§ **MATERIAL TO PROCESS**:

====================

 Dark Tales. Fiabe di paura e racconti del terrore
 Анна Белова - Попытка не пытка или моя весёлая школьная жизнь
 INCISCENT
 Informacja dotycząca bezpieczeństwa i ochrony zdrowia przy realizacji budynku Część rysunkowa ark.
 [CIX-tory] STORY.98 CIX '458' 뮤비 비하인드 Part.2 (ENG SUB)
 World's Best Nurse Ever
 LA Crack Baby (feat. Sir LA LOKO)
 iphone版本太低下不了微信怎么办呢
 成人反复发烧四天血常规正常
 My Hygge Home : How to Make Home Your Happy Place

====================

§ **HOW TO COMPLETE THIS TASK**: Restate word for word the entries above, starting at the line with "Анна Белова - Попытка" and ending at the line with "World's Best Nurse Ever", inclusive, and no others.

§ **RESPONSE FOR THIS EXERCISE**:
 Анна Белова - Попытка не пытка или моя весёлая школьная жизнь
 INCISCENT
 Informacja dotycząca bezpieczeństwa i ochrony zdrowia przy realizacji budynku Część rysunkowa ark.
 [CIX-tory] STORY.98 CIX '458' 뮤비 비하인드 Part.2 (ENG SUB)
 World's Best Nurse Ever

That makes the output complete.